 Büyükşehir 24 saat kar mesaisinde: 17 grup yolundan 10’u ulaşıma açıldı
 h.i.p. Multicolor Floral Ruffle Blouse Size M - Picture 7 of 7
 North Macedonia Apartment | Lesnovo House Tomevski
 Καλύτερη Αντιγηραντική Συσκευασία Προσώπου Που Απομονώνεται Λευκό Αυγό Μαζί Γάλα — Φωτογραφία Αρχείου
::::::::
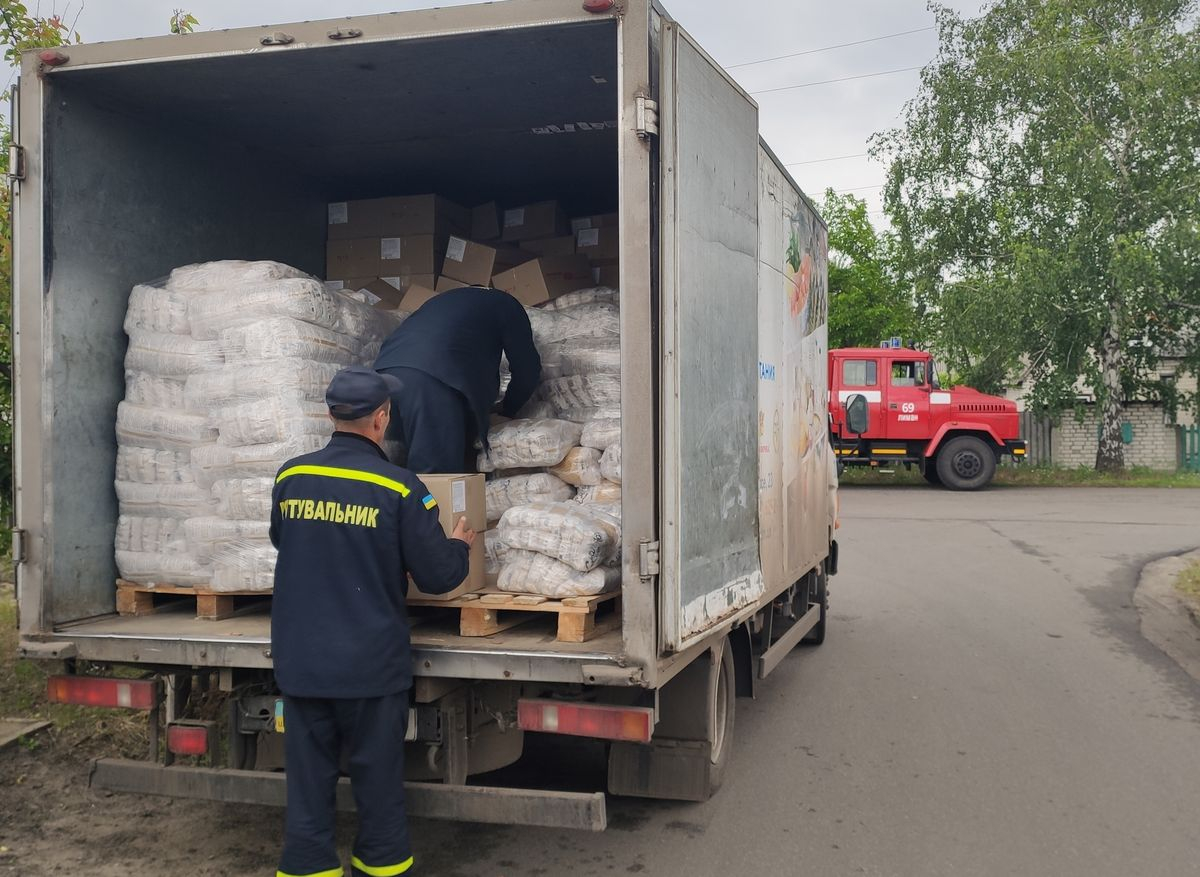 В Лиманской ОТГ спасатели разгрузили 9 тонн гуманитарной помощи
::::::::
__Prompt__. In the listing above, find the line with "North Macedonia Apartment" and the line with "Καλύτερη Αντιγηραντική Συσκευασία", then reproduce both and every line between them exactly.

__Reply to the task__.
 North Macedonia Apartment | Lesnovo House Tomevski
 Καλύτερη Αντιγηραντική Συσκευασία Προσώπου Που Απομονώνεται Λευκό Αυγό Μαζί Γάλα — Φωτογραφία Αρχείου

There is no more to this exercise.